This is the third entry in my series counting down the best films of the decade. I previously counted down entries #500-451 and #450-401, so here is entry #400-351.
- Nowhere Boy
(This technically came out in 2009, but only in the U.K., so I’m counting its 2010 U.S. release date as a film of this decade). Nowhere Boy finds John Lennon’s childhood to be a complicated one, and despite his advantages and loving family, he never really found a place. Aaron-Taylor Johnson shows us the emotional rollercoaster of being bounced between extremes, and balances the natural genius of Lennon with the pressures of discovering his identity.
- Café Society
Nerdy, awkward, charming, yet also irritating- is it just me or is Jesse Eisenberg a better Woody Allen stand in than Woody Allen himself? Allen has made more than his fair share of movies about the industry, but this is one of the better representations of how the competitive, lucrative nature of working in entertainment, and how momentary success is met with a lifetime of trying to make it.
- Money Monster
The dismantling of a talk show from the perspective of a terrorist is a great setup for a dark comedy; George Clooney’s role as the unsuspecting host is sympathetic, but also emblematic of the culture that surrounds him, and Jack O’Connell’s role of the extreme disruptor doesn’t discredit the perspective of those angry about poverty, but also points out the error of his actions.
- Eddie the Eagle
You can’t do much to reinvent the inspirational true story, but Eddie the Eagle does so with immense earnestness and a great use of music. Taron Egerton makes this character the fodder for slapstick material without ever making him a complete joke, and Hugh Jackman’s role as his trainer is fun, boisterous, and boasts a redemptive arc of his own.
He’s one of the biggest stars on the planet, and perhaps the most charismatic guy working today, but it’s a shame that Dwayne “The Rock” Johnson hasn’t been in that many good movies. Maui is the best of what he’s done, the larger than life, smartass, and (no pun intended) animated sidekick who stands alongside the hero Moana without stealing her spotlight.
- The Jungle Book
There’s few trends I find as distressing as that of remaking Disney classics as live action- why redo films without changing anything and take out the visual flare? Fortunately, The Jungle Book is one of the good ones; the animals look different, but they retain all the personality- Idris Elba is genuinely terrifying as Shere Khan, Billy Murray has all the carefree mannerisms of Baloo, and Christopher Walken as King Louis is an inspired casting choice that makes for the film’s best reimagining- showing the King of the Jungle as a mafia type crime boss.

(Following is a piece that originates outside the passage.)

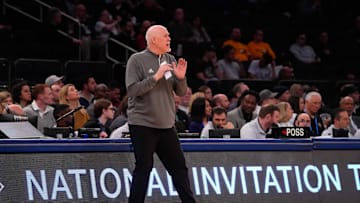 Mar 29, 2022; New York, New York, USA; St. Bonaventure Bonnies head coach Mark Schmidt reacts to a play on the court against the Xavier Musketeers during the NIT college basketball semifinals at Madison Square Garden. Mandatory Credit: Gregory Fisher-Imagn Images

- Rolling Thunder Revue: A Bob Dylan Story
Martin Scorsese and Bob Dylan conspired to bring this incredible collection of footage from Dylan’s 1975 concert tour, but the narrative itself is filled with half truths, fabricated characters, and straight up lies- a straight faced con by two of the greatest artists to ever live. It’s a potent summation of America’s transitional period that speaks to the uncertainty and conflict of the late 70s, and the purposeful deception asks even more interesting questions about how legends seep into reality.
- Long Shot
A rom-com so smart and fun that its damn crazy that it came out in 2019; matching Charlize Theron as a Presidential candidate whose the backbone of the current administration with Seth Rogen as an idealistic journalist, Long Shot has a lot to say about both women in politics and journalistic integrity, while also having fun with just how ridiculous the news cycle can be.
- Big Hero 6
Using a big, fluffy robot as a means to deal with loss, Big Hero 6 finds a balance between family adventure, origin story, and coming of age dramedy; more superheroes are better than one, and Big Hero 6 assembles a The Breakfast Club type team that each brings their own sensibilities and visual style.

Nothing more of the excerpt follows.